> EXERCISE INSTRUCTIONS:
Your answer must consist of the records below, reproduced exactly, with every picture removed.

### RECORDS SUPPLIED

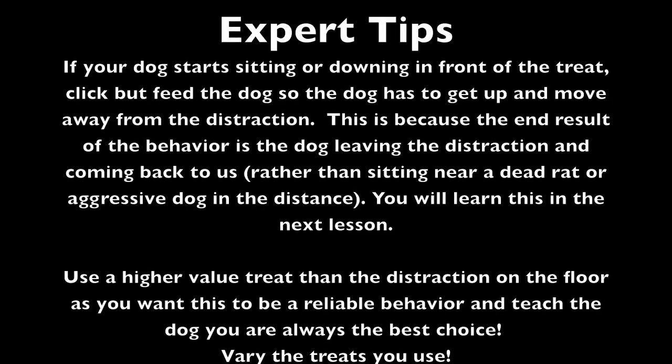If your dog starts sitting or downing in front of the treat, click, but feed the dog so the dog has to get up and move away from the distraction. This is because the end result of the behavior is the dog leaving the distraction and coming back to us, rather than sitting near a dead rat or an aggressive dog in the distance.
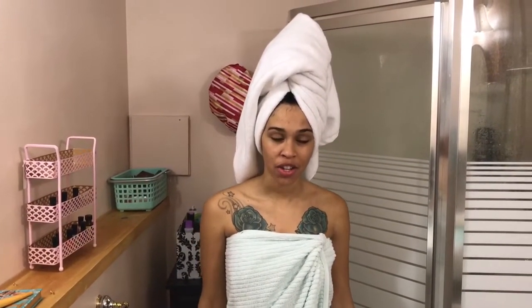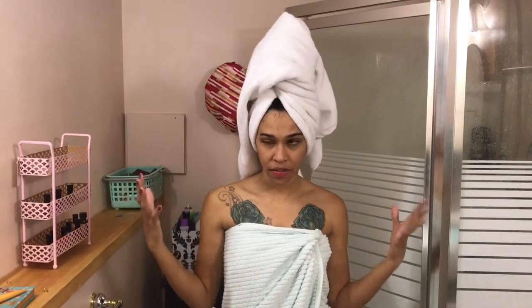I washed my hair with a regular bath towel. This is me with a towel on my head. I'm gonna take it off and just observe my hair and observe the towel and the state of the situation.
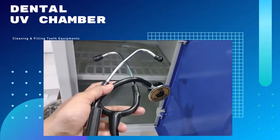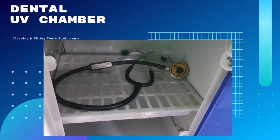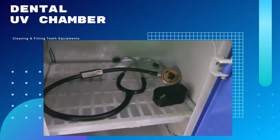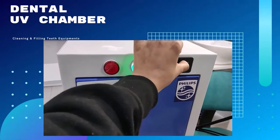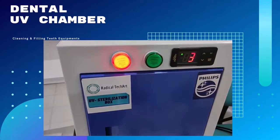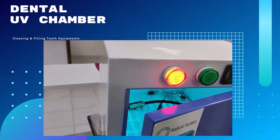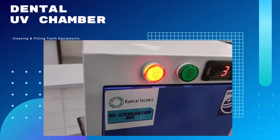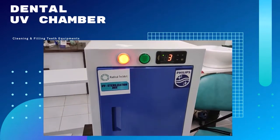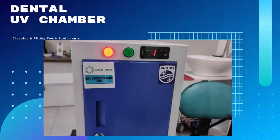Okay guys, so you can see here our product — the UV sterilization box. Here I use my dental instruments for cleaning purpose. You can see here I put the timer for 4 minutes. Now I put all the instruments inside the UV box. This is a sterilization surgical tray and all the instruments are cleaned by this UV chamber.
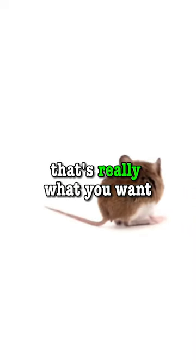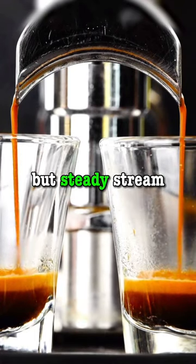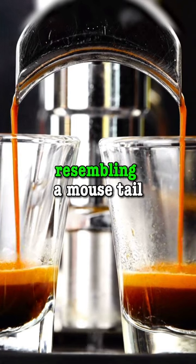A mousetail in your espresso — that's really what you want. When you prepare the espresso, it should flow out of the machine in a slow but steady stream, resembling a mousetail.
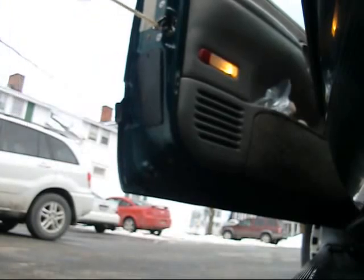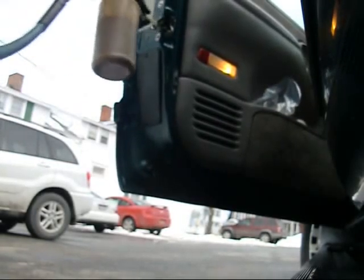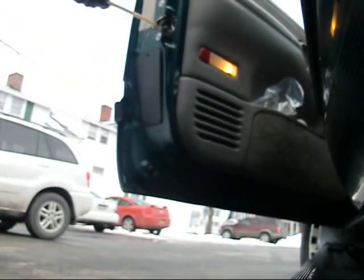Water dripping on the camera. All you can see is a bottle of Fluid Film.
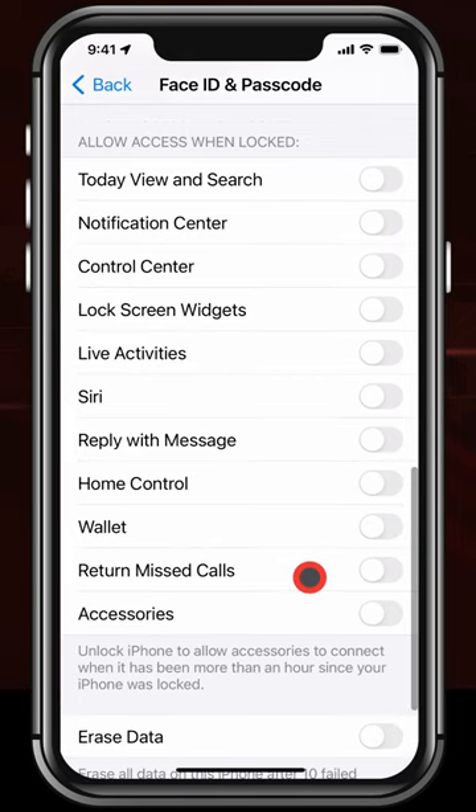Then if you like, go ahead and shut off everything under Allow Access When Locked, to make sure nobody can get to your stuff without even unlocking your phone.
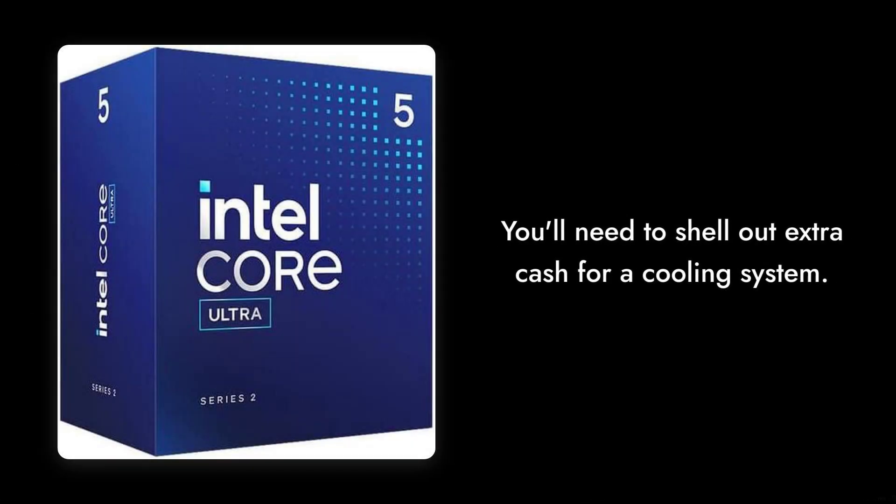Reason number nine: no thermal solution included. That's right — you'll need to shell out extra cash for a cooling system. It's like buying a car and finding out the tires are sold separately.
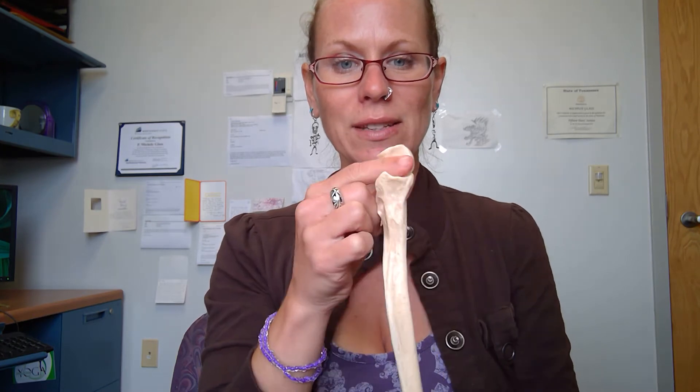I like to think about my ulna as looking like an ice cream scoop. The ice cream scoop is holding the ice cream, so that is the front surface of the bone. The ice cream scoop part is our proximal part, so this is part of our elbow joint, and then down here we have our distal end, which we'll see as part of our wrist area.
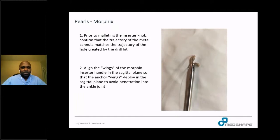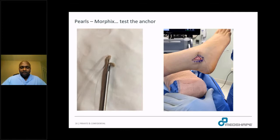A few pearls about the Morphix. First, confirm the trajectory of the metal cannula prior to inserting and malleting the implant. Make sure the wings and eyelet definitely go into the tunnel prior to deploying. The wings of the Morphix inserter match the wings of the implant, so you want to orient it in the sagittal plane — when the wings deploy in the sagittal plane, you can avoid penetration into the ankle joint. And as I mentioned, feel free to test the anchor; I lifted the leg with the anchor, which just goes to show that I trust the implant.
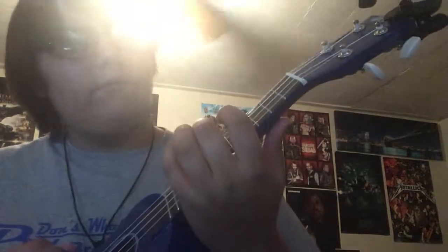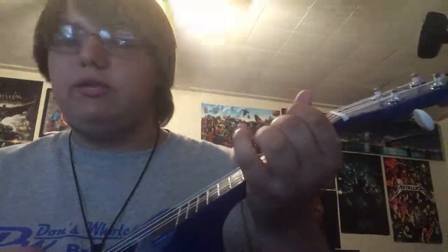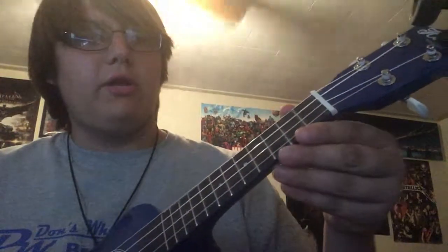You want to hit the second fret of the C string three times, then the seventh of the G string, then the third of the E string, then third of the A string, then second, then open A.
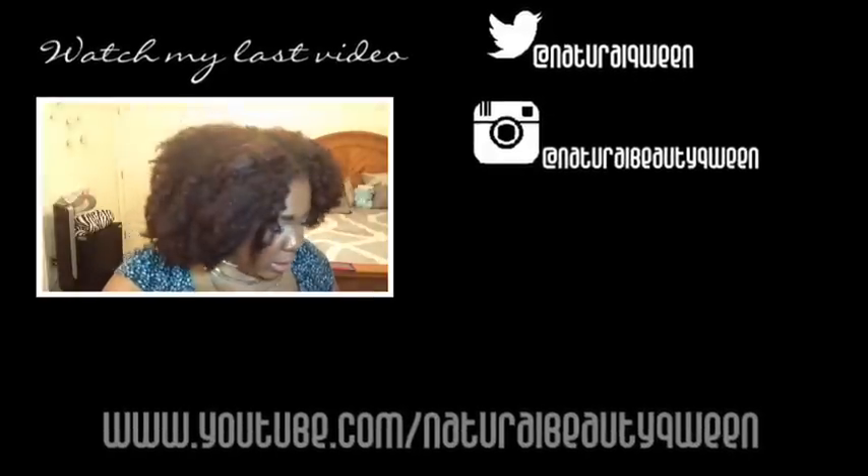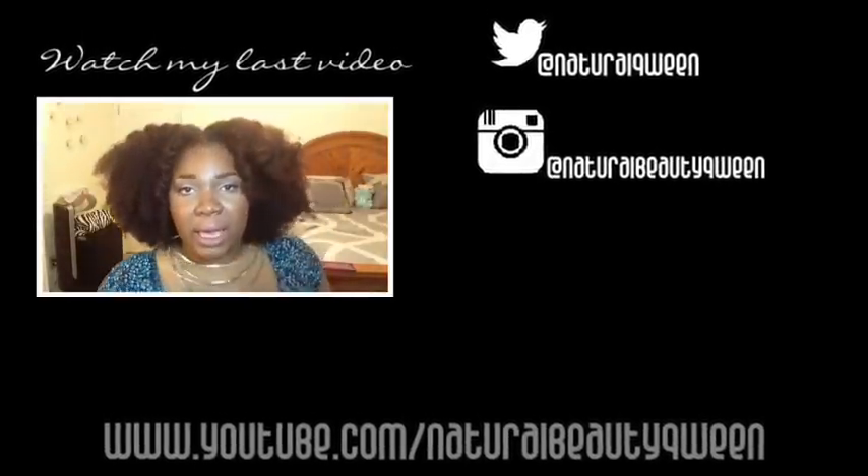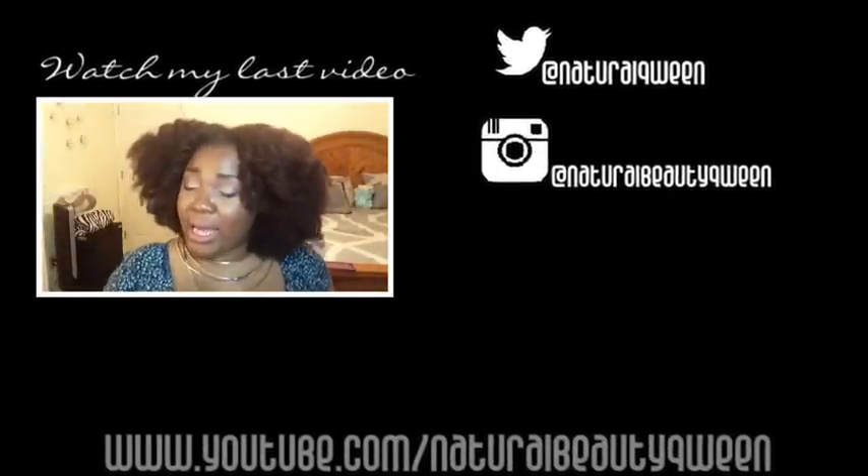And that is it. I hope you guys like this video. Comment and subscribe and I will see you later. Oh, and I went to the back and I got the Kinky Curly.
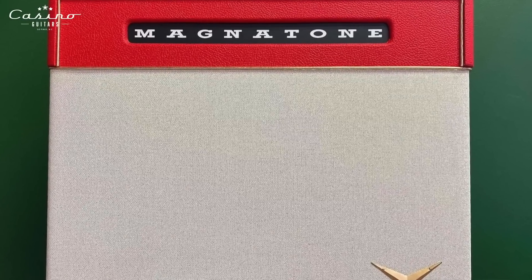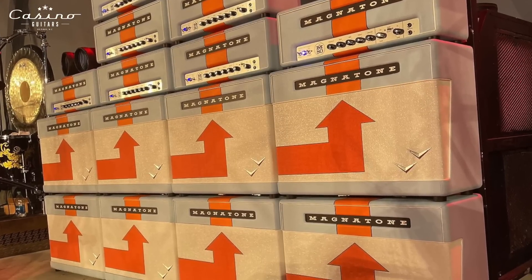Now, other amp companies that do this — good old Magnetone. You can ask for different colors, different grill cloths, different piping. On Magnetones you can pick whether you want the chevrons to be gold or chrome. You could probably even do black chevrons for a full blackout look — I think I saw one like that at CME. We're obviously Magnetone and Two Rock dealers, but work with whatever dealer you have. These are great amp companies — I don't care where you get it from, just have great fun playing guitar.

######

> FINISHED EXERCISE:
If your dog starts sitting or downing in front of the treat, click, but feed the dog so the dog has to get up and move away from the distraction. This is because the end result of the behavior is the dog leaving the distraction and coming back to us, rather than sitting near a dead rat or an aggressive dog in the distance.
I washed my hair with a regular bath towel. This is me with a towel on my head. I'm gonna take it off and just observe my hair and observe the towel and the state of the situation.
Okay guys, so you can see here our product — the UV sterilization box. Here I use my dental instruments for cleaning purpose. You can see here I put the timer for 4 minutes. Now I put all the instruments inside the UV box. This is a sterilization surgical tray and all the instruments are cleaned by this UV chamber.
A mousetail in your espresso — that's really what you want. When you prepare the espresso, it should flow out of the machine in a slow but steady stream, resembling a mousetail.
Water dripping on the camera. All you can see is a bottle of Fluid Film.
Then if you like, go ahead and shut off everything under Allow Access When Locked, to make sure nobody can get to your stuff without even unlocking your phone.
Reason number nine: no thermal solution included. That's right — you'll need to shell out extra cash for a cooling system. It's like buying a car and finding out the tires are sold separately.
I like to think about my ulna as looking like an ice cream scoop. The ice cream scoop is holding the ice cream, so that is the front surface of the bone. The ice cream scoop part is our proximal part, so this is part of our elbow joint, and then down here we have our distal end, which we'll see as part of our wrist area.
A few pearls about the Morphix. First, confirm the trajectory of the metal cannula prior to inserting and malleting the implant. Make sure the wings and eyelet definitely go into the tunnel prior to deploying. The wings of the Morphix inserter match the wings of the implant, so you want to orient it in the sagittal plane — when the wings deploy in the sagittal plane, you can avoid penetration into the ankle joint. And as I mentioned, feel free to test the anchor; I lifted the leg with the anchor, which just goes to show that I trust the implant.
You want to hit the second fret of the C string three times, then the seventh of the G string, then the third of the E string, then third of the A string, then second, then open A.
And that is it. I hope you guys like this video. Comment and subscribe and I will see you later. Oh, and I went to the back and I got the Kinky Curly.
Now, other amp companies that do this — good old Magnetone. You can ask for different colors, different grill cloths, different piping. On Magnetones you can pick whether you want the chevrons to be gold or chrome. You could probably even do black chevrons for a full blackout look — I think I saw one like that at CME. We're obviously Magnetone and Two Rock dealers, but work with whatever dealer you have. These are great amp companies — I don't care where you get it from, just have great fun playing guitar.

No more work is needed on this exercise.